Sound of Summer, The (2022) Review

The Sound of Summer | Blu-ray (Unearthed Films)

The Sound of Summer | Blu-ray (Unearthed Films)

Director: Guy
Cast: Kaori Hoshino, Shinya Hankawa, Keita Kusaka, Kiyomi Kametani, Kuromi Kirishima
Running Time: 75 min.

By Henry McKeand

The Sound of Summer, the first full length effort from the Japan-based, British-born director known as “Guy,” opens with a transformation. A cicada sheds its skin in unsettling close-up; it’s akin to seeing an alien parasite burst forth from a suffering host. Against a black background, it looks uncanny, almost computer generated, and the scene is soundtracked by the miniature cacophony of buzzing insects. It’s a disorienting, eerie beginning that makes you feel as if the bug could break through the screen itself and fly out at you.

Immediately after this striking visual, a goofy rock song kicks in. This is followed by a low-budget montage of someone using a net to catch unthreatening cicadas in broad daylight as the opening credits roll. This looks more like a high school video project than a vessel for the near-cosmic horror of the opening metamorphosis. 

The tonal polarity between these two sequences defines The Sound of Summer, which is torn between high-minded dread and kitschy fun. These competing perspectives don’t always complement each other. Nevertheless, it’s an audacious feature debut for Guy, who has the straight-from-a-nightmare imagination of the best horror directors even when his execution is muddled. 

The inspired concept is loaded with perverse potential. The titular “sound of summer” refers to the ambient chirps and whirs of the cicadas that (maybe literally?) get under the skin of the protagonist: a young café worker played by newcomer Kaori Hoshino. Her simple life is interrupted when she meets an odd man (Shinya Hankawa) who comes into her café with a face mask and containers full of writhing insects. Without ever speaking to him, she gives him the nickname “Cicada Man” and begins to suspect that his intentions are sinister. She gradually becomes convinced that his small creatures have infected her body, kicking off a strange journey into paranoia and self-harm. 

It’s the best kind of scary movie setup, taking something seemingly harmless that everyone has experienced (the warm season courtship cries of cicadas) and turning it into a source of terror. Those noises are everywhere, which makes early scenes of mundane life suspenseful. Sadly, many early scenes work as harmless filler, establishing a “normal” life that’s too mundane to care about. The music in this act one stretch, which veers into sounding like a stock music soundtrack, doesn’t help things. 
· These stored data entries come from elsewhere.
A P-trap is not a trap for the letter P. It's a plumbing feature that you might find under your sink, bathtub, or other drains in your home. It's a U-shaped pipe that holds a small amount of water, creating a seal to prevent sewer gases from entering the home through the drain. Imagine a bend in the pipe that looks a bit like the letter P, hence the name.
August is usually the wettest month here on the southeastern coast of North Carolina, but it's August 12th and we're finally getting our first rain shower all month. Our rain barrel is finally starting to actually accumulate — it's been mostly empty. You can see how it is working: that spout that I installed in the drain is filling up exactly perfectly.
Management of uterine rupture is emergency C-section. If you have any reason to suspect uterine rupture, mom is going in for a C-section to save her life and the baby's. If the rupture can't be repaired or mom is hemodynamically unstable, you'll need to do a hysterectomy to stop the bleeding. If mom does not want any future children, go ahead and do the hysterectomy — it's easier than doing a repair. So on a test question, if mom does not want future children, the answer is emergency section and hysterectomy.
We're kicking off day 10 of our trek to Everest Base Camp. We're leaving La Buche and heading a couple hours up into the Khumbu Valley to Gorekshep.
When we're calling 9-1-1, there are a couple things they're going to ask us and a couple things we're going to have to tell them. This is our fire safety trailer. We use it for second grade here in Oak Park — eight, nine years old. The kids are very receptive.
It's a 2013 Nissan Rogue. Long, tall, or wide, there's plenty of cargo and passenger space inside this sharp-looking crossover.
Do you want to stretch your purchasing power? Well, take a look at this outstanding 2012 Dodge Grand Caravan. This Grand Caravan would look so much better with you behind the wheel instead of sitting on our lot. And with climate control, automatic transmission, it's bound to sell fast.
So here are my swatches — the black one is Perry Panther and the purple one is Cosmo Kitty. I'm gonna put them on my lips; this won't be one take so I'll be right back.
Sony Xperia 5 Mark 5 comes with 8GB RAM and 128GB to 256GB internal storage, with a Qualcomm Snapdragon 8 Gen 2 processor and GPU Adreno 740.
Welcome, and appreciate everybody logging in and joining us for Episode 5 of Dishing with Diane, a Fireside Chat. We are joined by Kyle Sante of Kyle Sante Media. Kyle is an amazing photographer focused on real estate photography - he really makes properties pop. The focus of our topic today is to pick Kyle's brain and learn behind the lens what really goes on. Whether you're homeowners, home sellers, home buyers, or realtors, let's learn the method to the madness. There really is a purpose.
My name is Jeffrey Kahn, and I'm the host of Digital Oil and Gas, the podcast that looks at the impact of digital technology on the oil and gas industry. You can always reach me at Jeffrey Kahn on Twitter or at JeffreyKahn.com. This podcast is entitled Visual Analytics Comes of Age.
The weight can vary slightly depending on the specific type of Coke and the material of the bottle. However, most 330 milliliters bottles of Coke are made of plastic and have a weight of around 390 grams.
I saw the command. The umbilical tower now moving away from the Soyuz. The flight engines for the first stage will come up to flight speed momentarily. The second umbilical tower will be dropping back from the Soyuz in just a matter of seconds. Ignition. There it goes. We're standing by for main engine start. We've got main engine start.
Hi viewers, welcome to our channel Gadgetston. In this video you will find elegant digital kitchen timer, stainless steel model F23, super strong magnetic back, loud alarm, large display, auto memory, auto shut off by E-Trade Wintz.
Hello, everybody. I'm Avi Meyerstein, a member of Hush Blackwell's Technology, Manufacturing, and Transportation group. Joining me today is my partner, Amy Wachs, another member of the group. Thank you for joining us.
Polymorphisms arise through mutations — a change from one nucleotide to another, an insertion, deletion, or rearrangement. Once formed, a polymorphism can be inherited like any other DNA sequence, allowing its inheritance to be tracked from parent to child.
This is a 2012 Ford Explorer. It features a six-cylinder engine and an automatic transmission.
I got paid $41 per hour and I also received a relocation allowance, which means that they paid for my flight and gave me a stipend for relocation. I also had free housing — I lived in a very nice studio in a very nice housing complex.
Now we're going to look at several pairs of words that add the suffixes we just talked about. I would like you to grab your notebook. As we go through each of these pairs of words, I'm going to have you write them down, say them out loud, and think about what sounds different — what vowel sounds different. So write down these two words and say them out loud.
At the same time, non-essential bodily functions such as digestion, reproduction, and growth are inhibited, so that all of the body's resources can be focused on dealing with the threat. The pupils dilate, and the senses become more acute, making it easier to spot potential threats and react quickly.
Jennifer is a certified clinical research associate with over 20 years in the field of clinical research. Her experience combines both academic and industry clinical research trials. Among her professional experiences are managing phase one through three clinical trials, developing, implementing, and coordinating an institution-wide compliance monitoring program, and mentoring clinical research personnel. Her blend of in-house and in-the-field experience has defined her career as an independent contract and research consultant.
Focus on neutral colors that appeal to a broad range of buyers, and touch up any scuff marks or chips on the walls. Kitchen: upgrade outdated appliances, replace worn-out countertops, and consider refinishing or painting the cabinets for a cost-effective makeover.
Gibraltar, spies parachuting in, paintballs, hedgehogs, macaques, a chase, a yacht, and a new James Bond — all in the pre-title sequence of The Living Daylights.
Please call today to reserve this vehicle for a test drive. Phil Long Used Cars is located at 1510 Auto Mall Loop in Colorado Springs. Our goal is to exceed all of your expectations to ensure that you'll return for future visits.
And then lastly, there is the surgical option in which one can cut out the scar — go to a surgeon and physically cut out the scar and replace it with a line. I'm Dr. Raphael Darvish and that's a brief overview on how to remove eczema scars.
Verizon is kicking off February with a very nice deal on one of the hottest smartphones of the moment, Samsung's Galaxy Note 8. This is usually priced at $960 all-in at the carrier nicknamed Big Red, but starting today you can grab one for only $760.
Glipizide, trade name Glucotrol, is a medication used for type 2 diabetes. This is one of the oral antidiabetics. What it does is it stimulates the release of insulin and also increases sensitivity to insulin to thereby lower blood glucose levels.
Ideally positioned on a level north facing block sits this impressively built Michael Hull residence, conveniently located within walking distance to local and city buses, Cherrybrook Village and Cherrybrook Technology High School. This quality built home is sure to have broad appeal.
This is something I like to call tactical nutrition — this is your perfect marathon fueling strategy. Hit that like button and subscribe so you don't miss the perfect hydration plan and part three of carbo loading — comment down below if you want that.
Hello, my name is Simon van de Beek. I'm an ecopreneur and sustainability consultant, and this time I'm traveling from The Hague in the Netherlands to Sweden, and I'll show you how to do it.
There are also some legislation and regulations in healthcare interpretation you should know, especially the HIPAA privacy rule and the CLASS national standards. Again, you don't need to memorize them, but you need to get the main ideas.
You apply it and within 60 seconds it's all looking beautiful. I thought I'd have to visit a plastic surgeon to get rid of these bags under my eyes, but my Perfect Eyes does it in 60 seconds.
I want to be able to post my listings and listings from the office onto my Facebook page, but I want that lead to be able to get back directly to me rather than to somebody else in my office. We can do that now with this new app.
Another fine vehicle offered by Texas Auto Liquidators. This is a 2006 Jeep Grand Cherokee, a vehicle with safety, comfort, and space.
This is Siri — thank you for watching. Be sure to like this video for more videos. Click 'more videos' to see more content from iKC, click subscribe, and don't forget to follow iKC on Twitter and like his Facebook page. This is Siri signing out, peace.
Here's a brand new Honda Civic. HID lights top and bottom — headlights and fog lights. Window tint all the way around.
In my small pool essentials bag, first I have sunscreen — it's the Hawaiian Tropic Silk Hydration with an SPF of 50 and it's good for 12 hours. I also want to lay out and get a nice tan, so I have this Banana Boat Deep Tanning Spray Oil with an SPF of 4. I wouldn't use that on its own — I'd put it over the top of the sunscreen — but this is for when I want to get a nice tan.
But even when the characters go about their workdays in a digital daytime glow, there’s the threat that we’ll be suddenly taken back to that dreamlike visual of the sinister, molting cicada. Here, the questions are scarier than the answers. Why is there so much focus on these bugs? What are they capable of? When the unpleasantries escalate and the mystery fades, so does the tension. 

Luckily, Guy mostly avoids the played-out “is it all a delusion?” safety net that so many independent psychological horror indies rely on. No, this is a film dedicated to actually showing you what you should be afraid of in unambiguous detail, which makes it more interesting than the majority of Rosemary’s Baby-lites that have come out in recent years. For better or worse, most of the meager budget has clearly gone to gooey, z-movie special effects that will be catnip for people who seek out obscure body-horror flicks. 

The turning point comes midway through the film when Hoshino, convinced that there are cicadas inside of her, decides that she’s going to cut them out. What follows is a red-food-syrup-splattered gorefest; Cabin Fever by way of Cronenberg shooting on an iPhone. The squishy effects are as hilarious as they are disgusting. The heightened bloodiness and behind-the-scenes inventiveness are charming, but they distract from what could have been mind-numbingly disturbing if handled with more seriousness.

This boils down to a matter of taste. Do you like your horror with a film nerd grin or a hardened scowl? The playfulness is appealing while also undermining later scenes that reach for a higher sense of human fear. By the end, it’s more of a D.I.Y. FX showcase than a fleshed-out story. 

If you love this sort of thing, you already know. The imagery is scary, and rubber horror prosthetics are always fun, but it’s hard not to think of what could be if Guy fully and earnestly commits to his macabre visions in the future. For the time being, The Sound of Summer is an interesting glimpse into an exciting filmmaker to watch in the coming years.